Every movement for a better world — civil rights, environmental, antiwar, animal lib — bumps up against the profit motive of capitalism, finds out how much/little is possible and then slinks back into ineffectiveness and irrelevance because, for these movements to progress any further, they must end capitalism. In my neck of the woods that means macho idiot savants conquer women and non-humans beings but refuse to fight the only battle that matters against the capitalist masters.
Anyway, thanks Senator McGovern for trying to stop the war, thanks for visiting impoverished areas of America in the 1960s and bringing them to the attention of the rest of the country and expanding the food stamp program in response, thanks for your first speech on the senate floor in 1963 criticizing Kennedy’s policy on Cuba and being the first senator to criticize the Vietnam War that same year, thanks for changing the equation about how the nation looks at food and health, even if it’s mostly in peoples’ minds and not their tongues. You probably outlived all those animal farmers who ousted you from office and I bet, no matter what physical condition you are in, you are more ethically fit than anyone in the current US Senate.

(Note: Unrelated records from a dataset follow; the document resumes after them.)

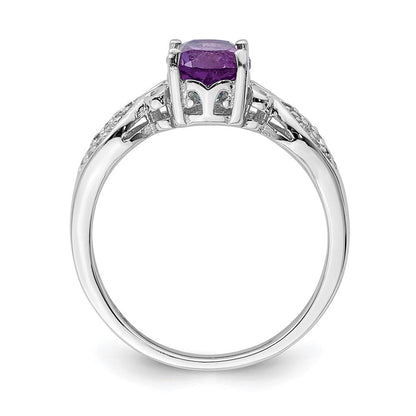 Sterlingsilber Rhodiniert Poliert Amethyst und Weiß Zirkonia Ring (size 6 Nur)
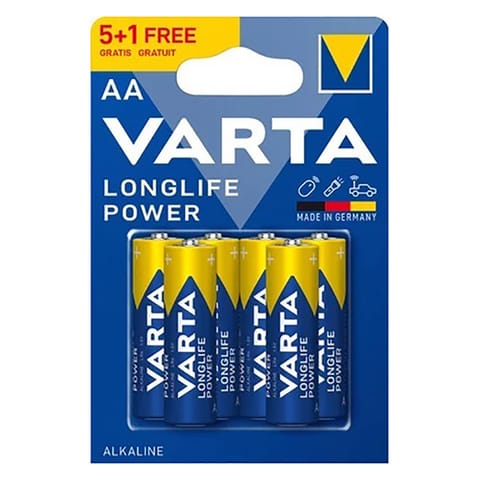 ⁨Bateria alkaliczna, paluszek, AA, 1.5V, Varta, blistr, 6-pack, VAR-LR6BL5-1, Longlife Power⁩ w sklepie Wasserman.eu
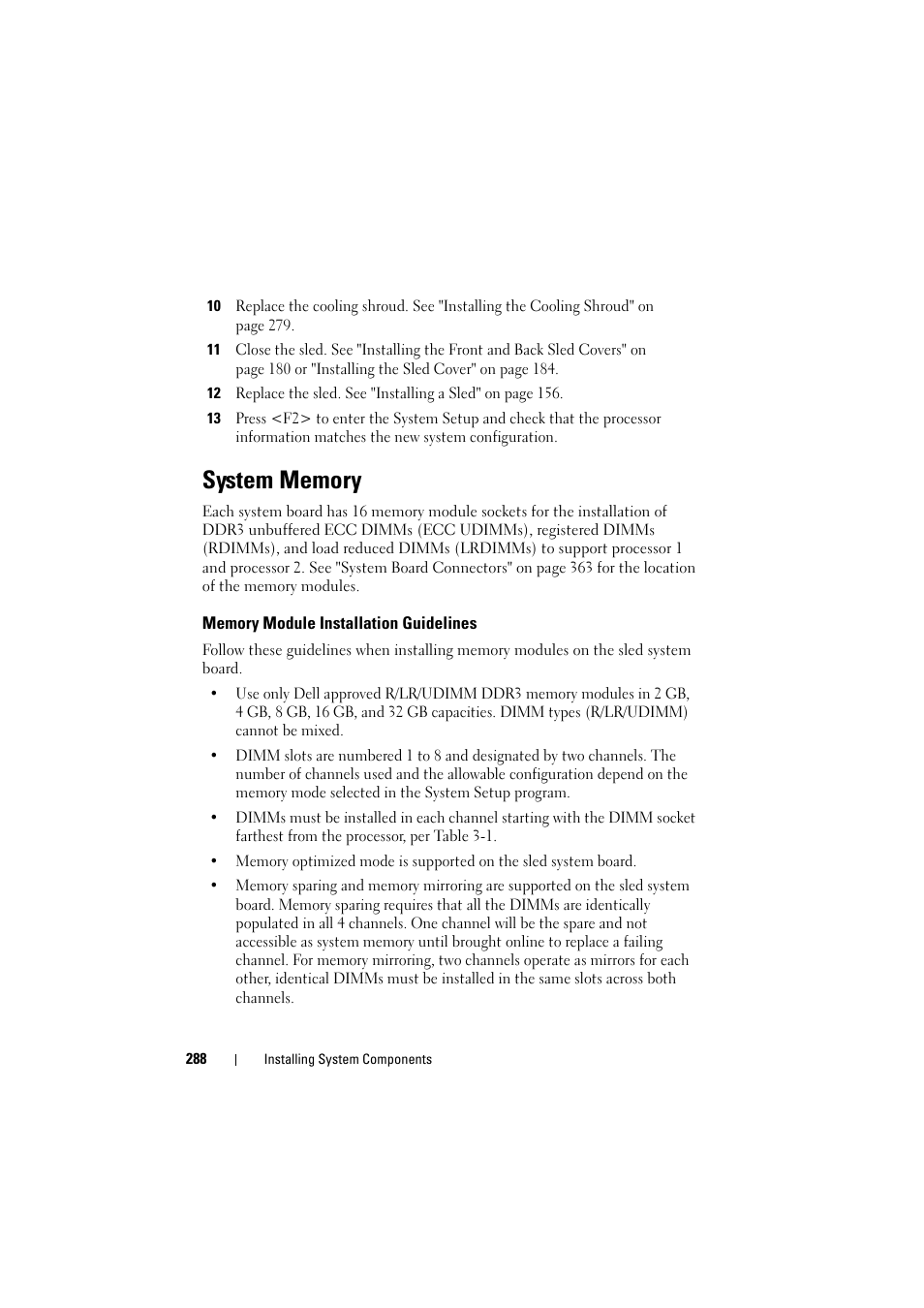 System memory, Memory module installation guidelines | Dell PowerEdge C8000 User Manual | Page 288 / 386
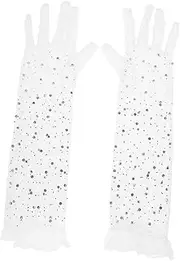 [Ipetboom] 1 Pair Elegant Rhinestone Fishnet Long Gloves Mesh Evening Party Accessories for Women Lightweight Lace Design for Bridal Prom and Formal Events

Happy 90th!
And now, a coda. This is McGovern addressing his senate colleagues in 1970 for their lack of opposition to the Vietnam War. Imagine any of today’s venal, cowardly US Senators — working as they do for Lockheed, Israel and Wall Street — saying anything like this even though the words are more pertinent than ever:
“Every Senator in this chamber is partly responsible for sending 50,000 young Americans to an early grave. This chamber reeks of blood. Every Senator here is partly responsible for that human wreckage at Walter Reed and Bethesda Naval and all across our land – young men without legs, or arms, or genitals, or faces or hopes. There are not very many of these blasted and broken boys who think this war is a glorious adventure. Do not talk to them about bugging out, or national honor or courage. It does not take any courage at all for a congressman, or a senator, or a president to wrap himself in the flag and say we are staying in Vietnam, because it is not our blood that is being shed. But we are responsible for those young men and their lives and their hopes. And if we do not end this damnable war those young men will some day curse us for our pitiful willingness to let the Executive carry the burden that the Constitution places on us.”
“This chamber reeks of blood.”
Unpopular, unconstitutional war waged by a murderous arrogant emperor with a compliant congress, a little somethin’ somethin’ we can believe in!